Cocinar con las medidas sugeridas del envase
La mayoría de los fabricantes recomiendan la clásica proporción de dos partes de agua por una de grano (2:1). Seguir esta regla suele ser el motivo principal por el que la quinoa se vuelve pastosa. El secreto está en reducir un poco de líquido y utilizar una taza y tres cuartos de agua por cada taza de quinoa, esa sutil diferencia garantiza que quede suelta y al dente.
Cocinarla solo en agua
Cocinar la quinoa en agua sola no tiene gracia. Para que absorba sabor desde el centro, es clave sazonar el líquido con sal o alguna especia molida, ya sea cúrcuma, curry o pimentón. En la misma línea, se puede transformar por completo el resultado reemplazando el agua por caldos de verdura o añadiendo hierbas aromáticas como unas hojas de laurel, romero o dientes de ajo chafados.
Destapar la olla a mitad del proceso
Mantener el control de la temperatura es importante, por lo que estar levantando la tapa para controlar cómo va la cocción solo consigue arruinar el plato. Al destapar, el vapor concentrado se disipa, provocando bajas de temperatura que ralentizan el proceso y hacen que el grano se cocine de manera irregular. Lo correcto es sellar la olla en cuanto empiece a hervir, bajar el fuego al mínimo y dejar que se cocine a fuego lento durante exactamente 15 minutos sin interrupciones.
Retirarla del fuego y servirla de inmediato
El calor residual es también importante. Al apagar el fuego, la quinoa necesita un periodo de reposo de unos cinco minutos con la tapa aún puesta. Durante este breve descanso, se evapora el exceso de humedad. Una vez pasados los 5 minutos de reposo, desgrana la quinoa suavemente con un tenedor, tal y como harías con el cuscús. Esto separará los granos, liberará el último rastro de vapor y asegurará esa textura ultra esponjosa y aireada que estamos buscando.

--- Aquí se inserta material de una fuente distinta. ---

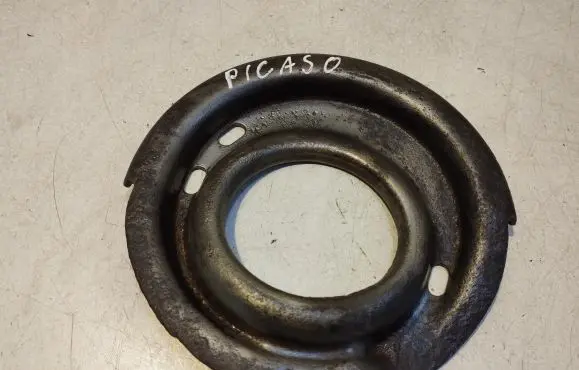 Citroen Xsara Picasso Front coil spring rubber mount 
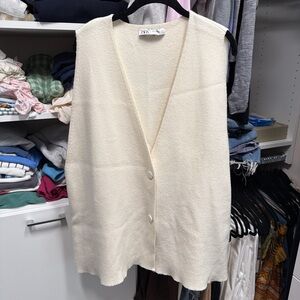 ZARA Cream Knit Buttoned V-Neck Vest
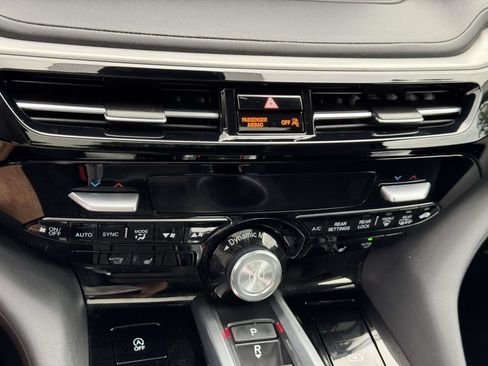 Certified 2024 Acura MDX SH-AWD w/ Technology Package image 28
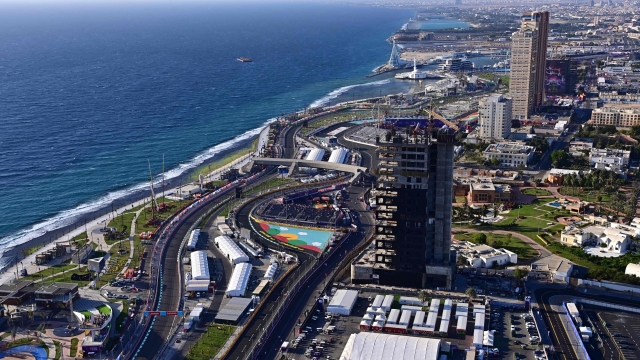 This picture taken on March 25, 2022 shows a general view of the race track during the first practice session ahead of the 2022 Saudi Arabia Formula One Grand Prix at the Jeddah Corniche Circuit. (Photo by ANDREJ ISAKOVIC / AFP)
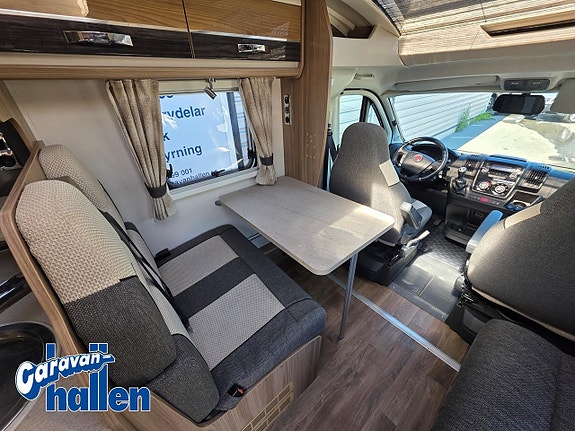 Swift Toscane 794 2 of 20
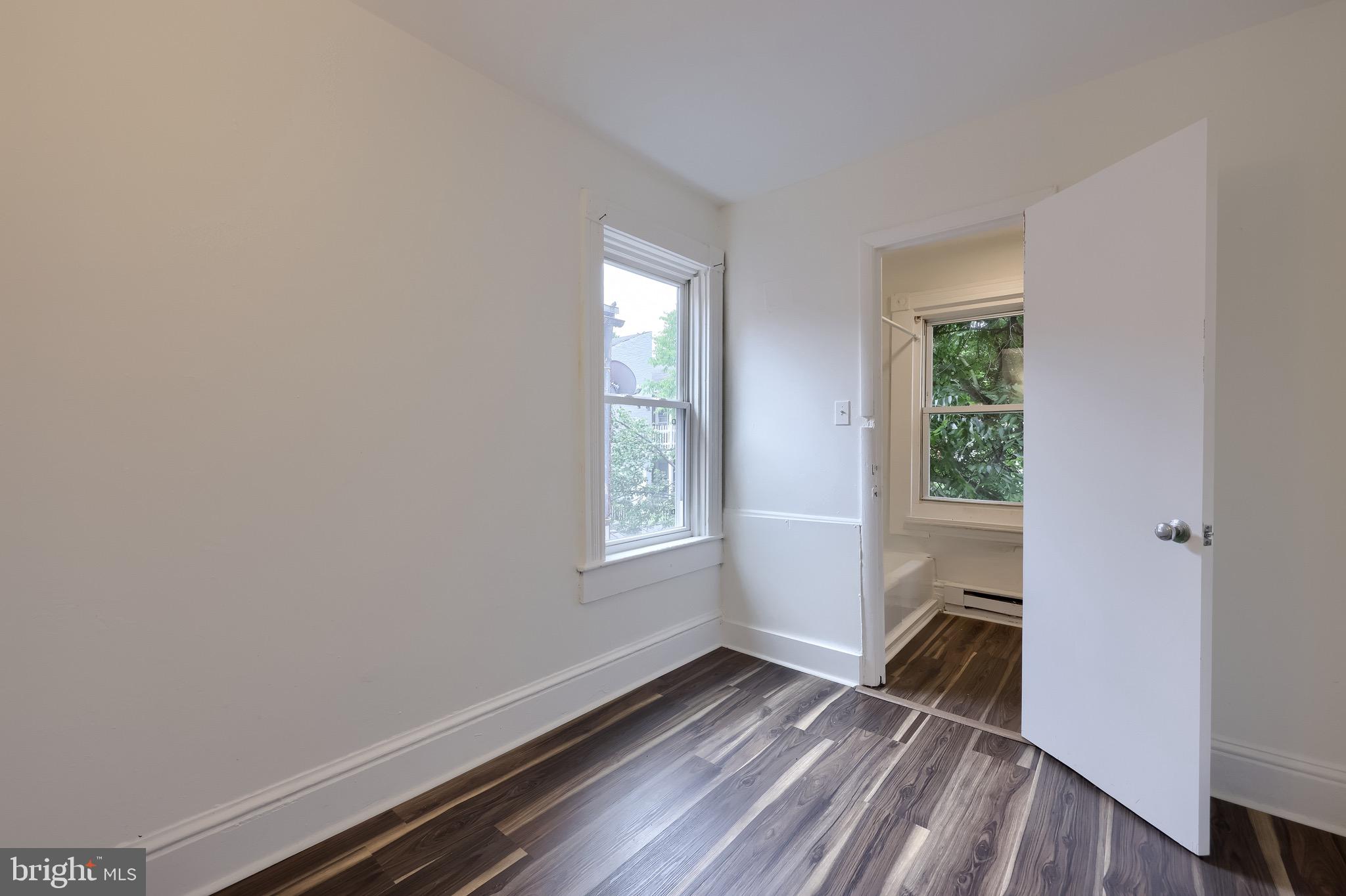 SOUTHEAST LANCASTER - Residential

¿Cómo saber si está lista? Lo sabrás cuando veas que el grano se ha vuelto translúcido y haya soltado su característico "germen" blanco en forma de espiral. A partir de aquí, será cuestión de gustos, pero si buscas inspiración, mi forma preferida de aderezarla es con un buen chorro de aceite de oliva, ralladura de limón fresca y una pizca de ras el hanout. Esta combinación le aporta un toque cítrico, aromático y exótico muy especial.